Wednesday, August 10, 2005

Peter's Gekko : May 2005 - Posts

Peter's Gekko : May 2005 - Posts:
C++ for .NET at dotned

Yesterday we had the VS 2005 C++ team at the dotned user group meeting. It was a good meeting and a good talk. Ronald Laeremans is somebody who can, and will, talk for hours. The C++ vision on .net is quite interesting, let me reproduce some of the things I learned.

To me the C++ language has always been one you had to learn to live with. Never did any real C++ programming but I had to read C++ on a daily basis. All code samples were in C++, incorporating the ideas in my Delphi win32 required translating. These days I do mainly C#, a language whose syntax is far closer to C++ than Object Pascal but whose “architecture” (events, properties, components) comes far closer to Delphi.

C++ is still a major language at MS, according to the VC team 95% of the MS products is coded in C ++. The team was clearly jealous on the new star C# but gave some good reasons to use (unmanaged) C++:

* Existing code base. You can’t dump 20 years of Windows and Office development
* Backward compatibilty.
* Do your own memory management. Some code has to keep running with 0% memory free. In managed code the smallest things, like boxing an integer, can result in a memory allocation (by the CLR)
* Directly invoking an unmanaged function is checked at compile time. A dllimport in managed code is checked at runtime.

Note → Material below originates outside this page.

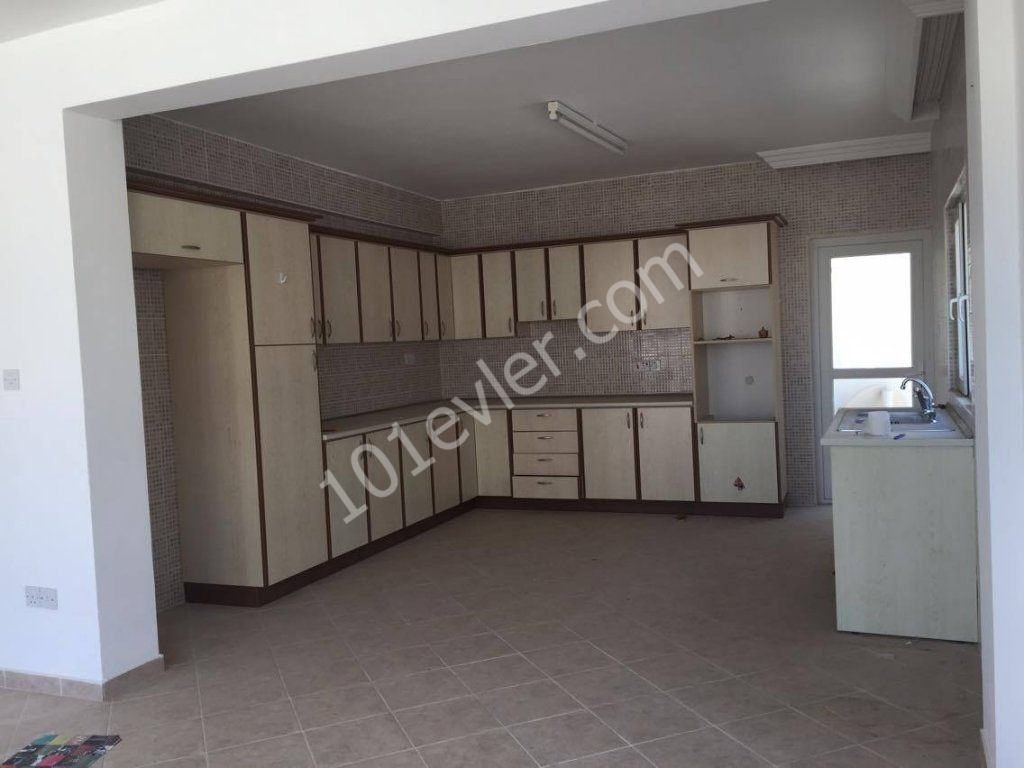 3 bedroom flat for sale in Kyrenia city center walking distance to all shops and faciletes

The upcoming C++ does a couple of things to bring the world of unmanaged C++ and managed code together

* To the compiler IL is just another platform target, there’s x86, Itanium and IL
* When declaring a class in C++ you can prefix the class with the value or ref keyword. The class (type) will than be compiled into a managed class which can be reused by any .net language using the assemby. A class without a prefix is a native class.
* The clr:safe compiler directive checks your code on the absence of pointers and native classes. When both criteria are met you have a built a managed assembly with C++.
* A nice feature are trivial properties and events. Declared as a property but you don’t have to write out the (trivial) getter and setter routines.

Some nice scenarios of mixed code

* Wrap up DirectX complexities. Directly address DirectX objects iterated in a .net foreach loop.
* Give an MFC app a .NET Winforms UI. As a demonstration the team had built a customized slide sorter for Powerpoint. Powerpoint in an MFC app and Winforms is very good in building a sophisticated UI.

C++ is clearly not intended as a mainstream language. You can still do horrific things. And in your app you’re dealing with three kinds of memory: the stack, the managed heap and the native heap. Not for the faint of heart. I will stick to my beloved C# but have seen good things to further expand my horizon. (But will not forget pInvoke.net)

Another part of a meeting is the social networking part. Of course Sander and Hassan were there and I promissed to restore the broken links to their perfomaces on a former meeting. Is done. See you at the next meeting.